WHAT THE TASK ASKS →
Write out exactly the lines below that run from the one containing "TENIS NEWBORN GIRL EM SINTETICO ROSA" through the one containing "Figuras Funko pop", both included, with no other lines.

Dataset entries
Start of Block

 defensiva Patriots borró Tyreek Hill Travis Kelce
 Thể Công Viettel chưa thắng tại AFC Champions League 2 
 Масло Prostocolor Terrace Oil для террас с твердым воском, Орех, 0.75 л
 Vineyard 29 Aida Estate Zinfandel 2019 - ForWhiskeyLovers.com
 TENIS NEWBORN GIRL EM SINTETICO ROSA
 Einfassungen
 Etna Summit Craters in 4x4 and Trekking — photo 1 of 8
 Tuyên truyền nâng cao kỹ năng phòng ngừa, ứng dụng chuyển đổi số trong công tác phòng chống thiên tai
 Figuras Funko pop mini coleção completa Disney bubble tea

End of Block
Start of Block

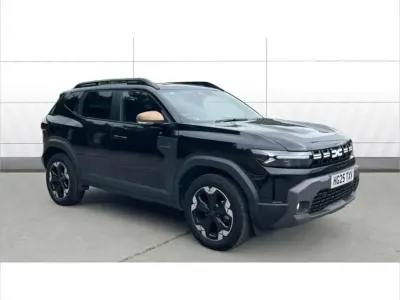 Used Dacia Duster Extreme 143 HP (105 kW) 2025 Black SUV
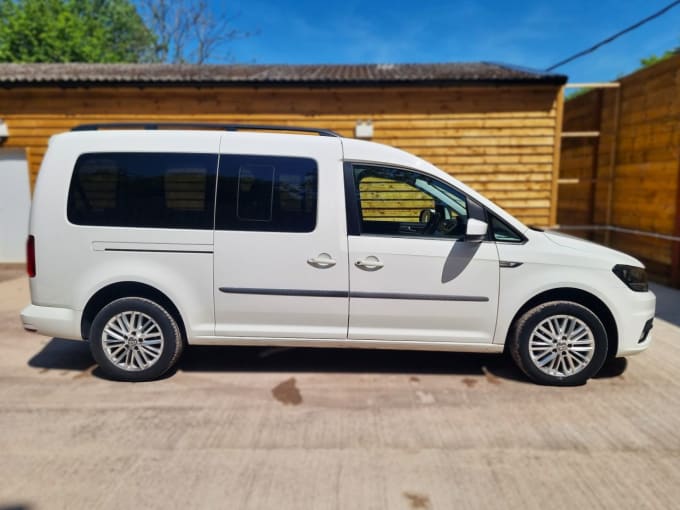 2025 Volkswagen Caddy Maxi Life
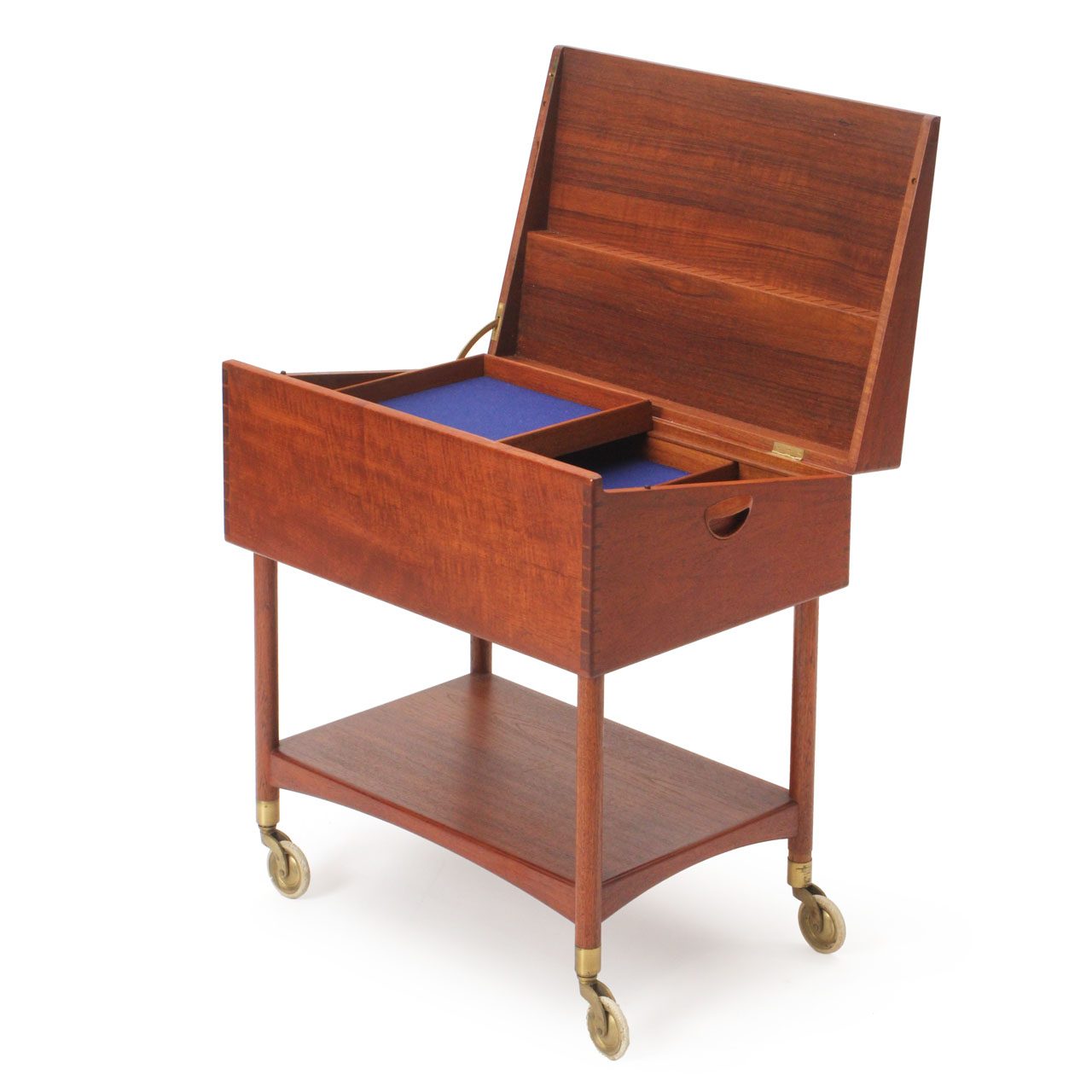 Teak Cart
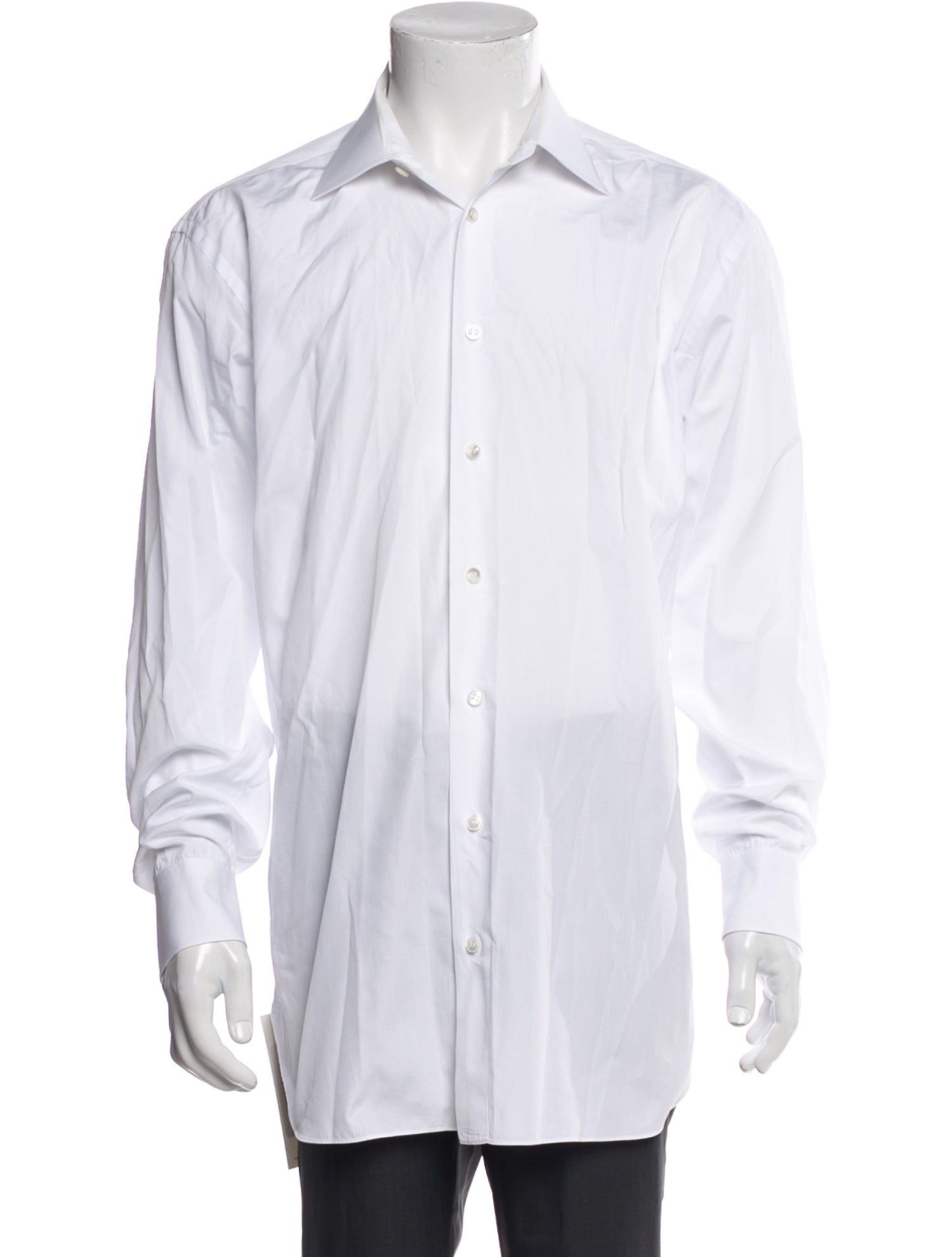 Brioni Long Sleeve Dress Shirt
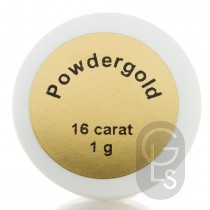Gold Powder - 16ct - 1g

End of Block

YOUR RESPONSE →
 TENIS NEWBORN GIRL EM SINTETICO ROSA
 Einfassungen
 Etna Summit Craters in 4x4 and Trekking — photo 1 of 8
 Tuyên truyền nâng cao kỹ năng phòng ngừa, ứng dụng chuyển đổi số trong công tác phòng chống thiên tai
 Figuras Funko pop mini coleção completa Disney bubble tea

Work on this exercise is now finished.